5) I am thankful for food: its presence, its availability, its plentiful-ness; that keeping everyone fed is not something we ever have to worry about. Karel is proving that he can subsist on knekkerbrød and cheese, so that’s reassuring too.

6) As always, I/we are thankful for our families. I am thankful to our American family for making such great efforts to see us — we do not take those efforts for granted. I am thankful to have friends in my siblings, who, if they haven’t completely forgotten how I used to hold them in headlocks and just generally be mean, at least refrain from bringing it up. (Usually.) We are thankful for our Norwegian family, whose faces always light up when they see the boys wether it’s the first or the fifth time that month.

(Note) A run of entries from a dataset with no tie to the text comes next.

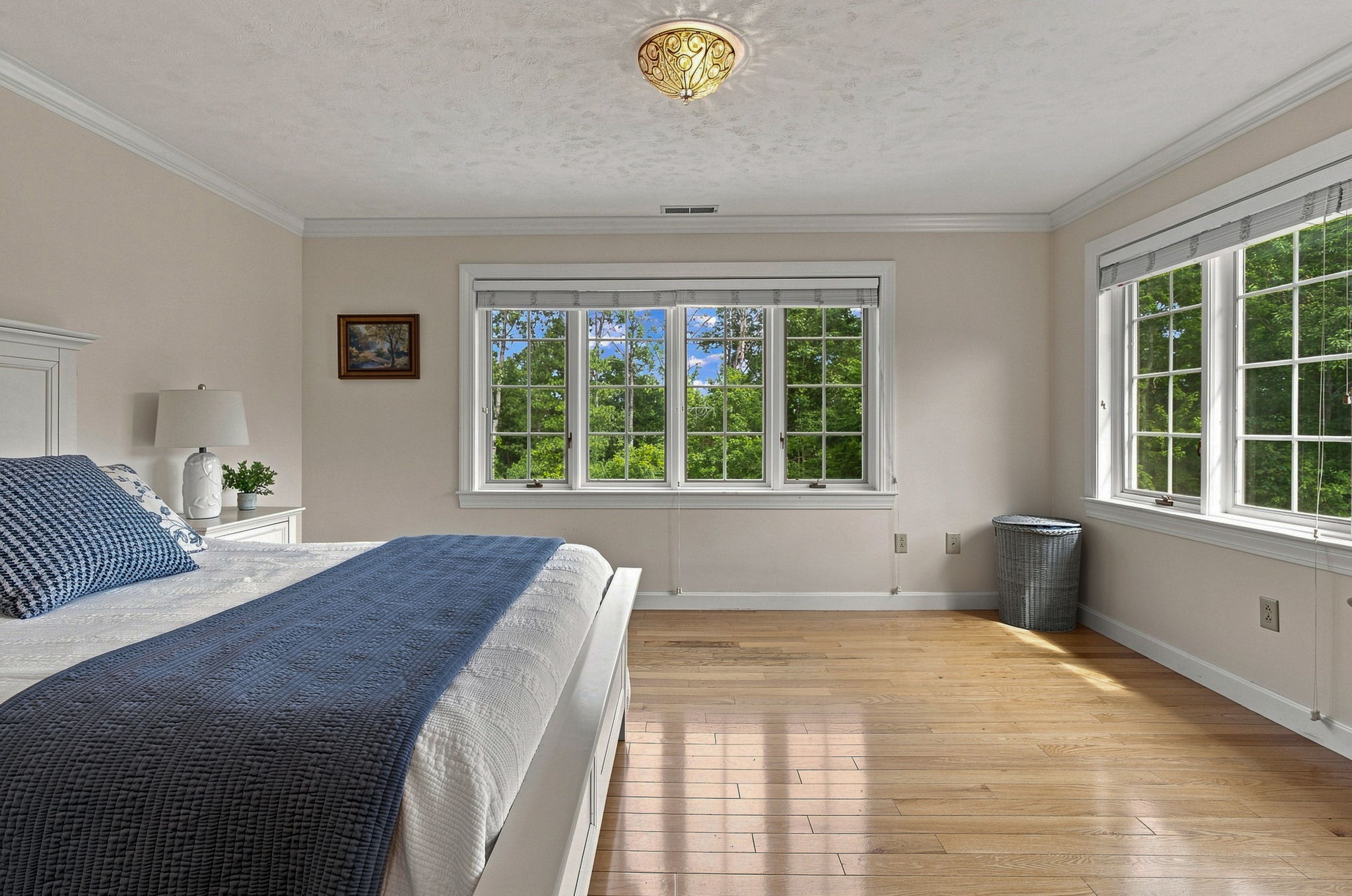  3 Burleigh Terrace - 物件實景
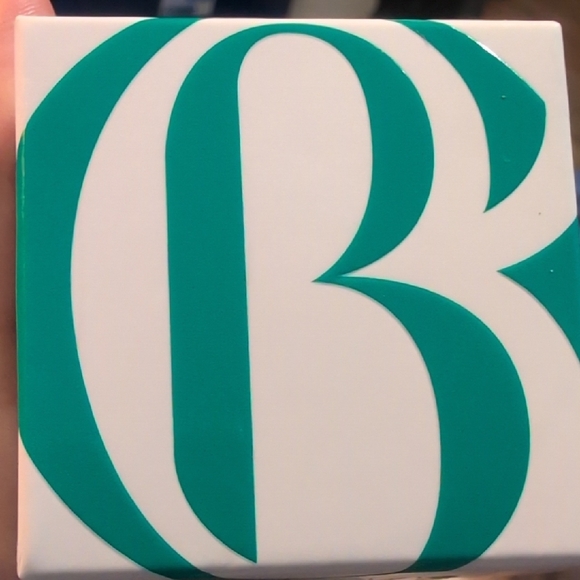 Clarks Deep Moisture Mask Redness Rescue + Daily Plumping Cream NIB NEW IN BOX - Picture 8 of 12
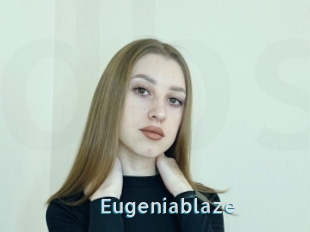 eugeniablaze Des Bons Sites Porno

7) And…I’m thankful for technology. Every time I skype my mom or chat with a friend on another continent, I marvel a little bit at how easy it is these days to stay connected with loved ones. This Thanksgiving, for example, I was able to talk to my grandma for 20 minutes — not only talk, but see her; I got to talk or at least see everyone who was at the Thanksgiving Day gathering. I even got to see the pies. This is crazy. Miraculous. Both. In this particular instance, a blessing.

Okay, the list could go on and on, but we’ll stop now. Happy Thanksgiving and much love and peace and joy from our grateful hearts to yours.